Creation Date (CDAT): The date the protein record was created. This field is crucial for tracking the newest entries or understanding the historical context of the data.
Division (DIV): This categorizes proteins into different divisions or sections based on certain criteria, such as organism type or functional classification, facilitating more focused searches.
Filter (FILT): A field used to apply specific filters to the data, potentially based on quality, relevance, or other criteria defined by the database or the user.
BioProject (GPRJ): This links proteins to their respective BioProject, a collection or project within the NCBI database that has related biological data. It's useful for researchers looking at proteins within broader research contexts.
Modification Date (MDAT): Similar to the creation date, this indicates the last date the protein record was modified, which is essential for understanding the currency and history of the data.
Molecular Weight (MLWT): The calculated molecular weight of the protein. This physical characteristic is fundamental to many types of biochemical analysis.
Organism Count (OCNT): Represents the number of different organisms in which the protein or protein group is found. This can indicate the ubiquity and evolutionary significance of the protein.

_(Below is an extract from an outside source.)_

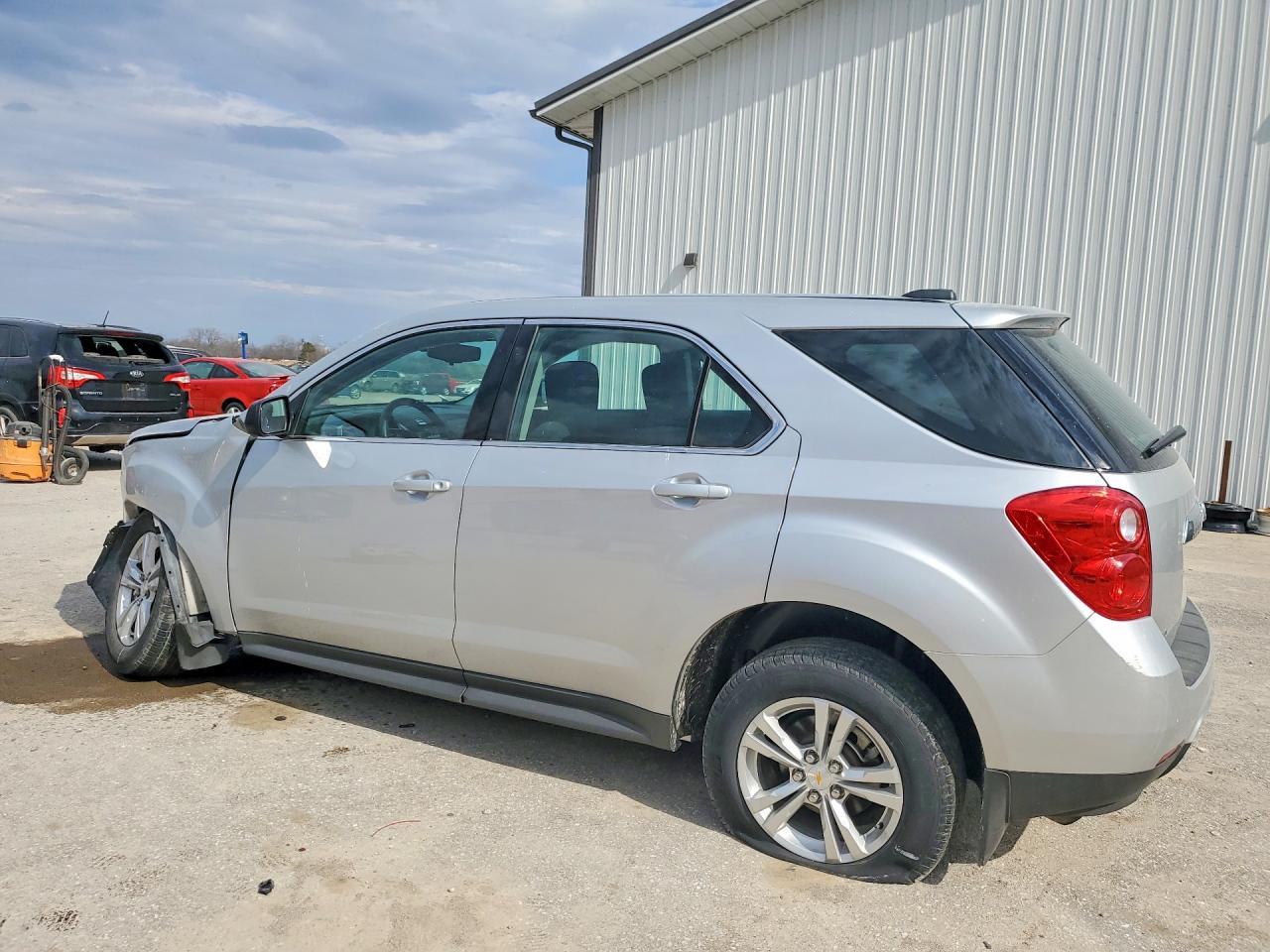 2015 Chevrolet Equinox Ls - Image 2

Organism (ORGN): The scientific name of the organism from which the protein is derived. It's vital for studies focused on specific species or comparative analyses.
Primary Accession (PACC): This might refer to the principal or original accession number assigned to the protein, distinct from secondary or alternative identifiers.
Properties (PROP): A general field that can encompass various characteristics and annotations related to the protein, such as functional properties, structural classifications, or interaction data.
Protein Name (PROT): The name or title given to the protein, often reflecting its function or characteristics. It's a key field for initial searches and identification.
Protein Count (ProtCount): Indicates the number of proteins within a particular group or dataset. This can be useful in understanding the scope and scale of the data.
Sequence Length (SLEN): The length of the amino acid sequence of the protein. It's a fundamental attribute that affects the protein's structure and function.
Title (TITL): Often a descriptive title for the protein entry, which may provide quick insight into the protein's nature and role.
Update Date (UDAT): Indicates when the record was last updated, helping users identify the most recent and potentially most accurate data.
Unique Identifier (UID): A distinct number or code assigned to each protein record to ensure each entry is unique and retrievable.
Text Word (WORD): This field is likely used for text-based searches, allowing users to query descriptive text or annotations associated with the protein records.